Instructions for the task:
Only a slice of the listing below is wanted. Retype the lines from the one containing "Hello guys, how" through the one containing "Okay, welcome back.", exactly, both ends included.

Listed records:
=== Section Start ===
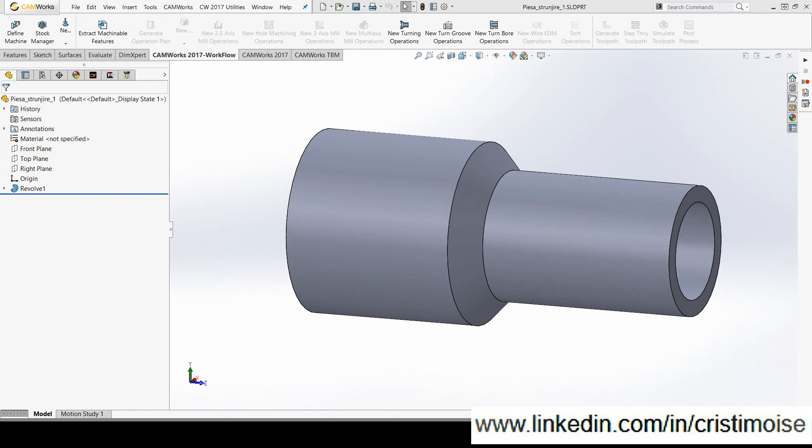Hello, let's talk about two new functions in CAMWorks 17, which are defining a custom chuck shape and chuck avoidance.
=== Section End ===
=== Section Start ===
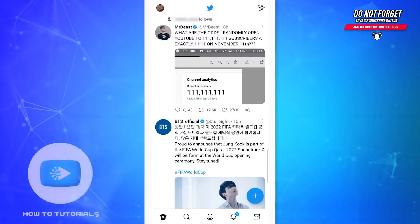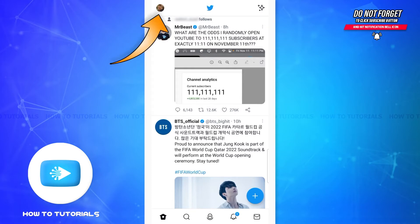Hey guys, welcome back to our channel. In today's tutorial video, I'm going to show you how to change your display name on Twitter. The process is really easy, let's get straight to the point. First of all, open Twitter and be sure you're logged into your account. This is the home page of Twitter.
=== Section End ===
=== Section Start ===
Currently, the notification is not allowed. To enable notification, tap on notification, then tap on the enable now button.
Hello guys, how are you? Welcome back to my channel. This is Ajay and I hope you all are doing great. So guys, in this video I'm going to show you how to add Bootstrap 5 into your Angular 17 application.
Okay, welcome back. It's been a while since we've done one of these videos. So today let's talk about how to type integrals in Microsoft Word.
=== Section End ===
Written answer:
Hello guys, how are you? Welcome back to my channel. This is Ajay and I hope you all are doing great. So guys, in this video I'm going to show you how to add Bootstrap 5 into your Angular 17 application.
Okay, welcome back. It's been a while since we've done one of these videos. So today let's talk about how to type integrals in Microsoft Word.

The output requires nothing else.